* ACTION ITEM:
Repeat exactly the line containing "LASCANA Longbluse in pink" and every line after it in the entries, and nothing besides.

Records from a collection
◇ ◇ ◇ ◇

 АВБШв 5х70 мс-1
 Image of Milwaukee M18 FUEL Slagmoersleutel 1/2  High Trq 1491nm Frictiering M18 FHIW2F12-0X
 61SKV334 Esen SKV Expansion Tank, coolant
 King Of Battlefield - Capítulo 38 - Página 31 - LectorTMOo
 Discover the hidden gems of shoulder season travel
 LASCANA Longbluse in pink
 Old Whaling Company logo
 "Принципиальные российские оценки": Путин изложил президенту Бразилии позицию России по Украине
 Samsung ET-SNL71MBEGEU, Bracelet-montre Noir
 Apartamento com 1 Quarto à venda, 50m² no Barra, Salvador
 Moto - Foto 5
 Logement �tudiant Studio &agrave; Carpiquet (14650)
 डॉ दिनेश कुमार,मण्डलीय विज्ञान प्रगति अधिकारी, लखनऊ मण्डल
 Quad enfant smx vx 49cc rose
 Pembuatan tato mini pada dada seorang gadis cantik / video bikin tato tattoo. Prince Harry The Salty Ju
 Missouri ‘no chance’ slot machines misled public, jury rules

◇ ◇ ◇ ◇

* SOLUTION TO THIS PROBLEM:
 LASCANA Longbluse in pink
 Old Whaling Company logo
 "Принципиальные российские оценки": Путин изложил президенту Бразилии позицию России по Украине
 Samsung ET-SNL71MBEGEU, Bracelet-montre Noir
 Apartamento com 1 Quarto à venda, 50m² no Barra, Salvador
 Moto - Foto 5
 Logement �tudiant Studio &agrave; Carpiquet (14650)
 डॉ दिनेश कुमार,मण्डलीय विज्ञान प्रगति अधिकारी, लखनऊ मण्डल
 Quad enfant smx vx 49cc rose
 Pembuatan tato mini pada dada seorang gadis cantik / video bikin tato tattoo. Prince Harry The Salty Ju
 Missouri ‘no chance’ slot machines misled public, jury rules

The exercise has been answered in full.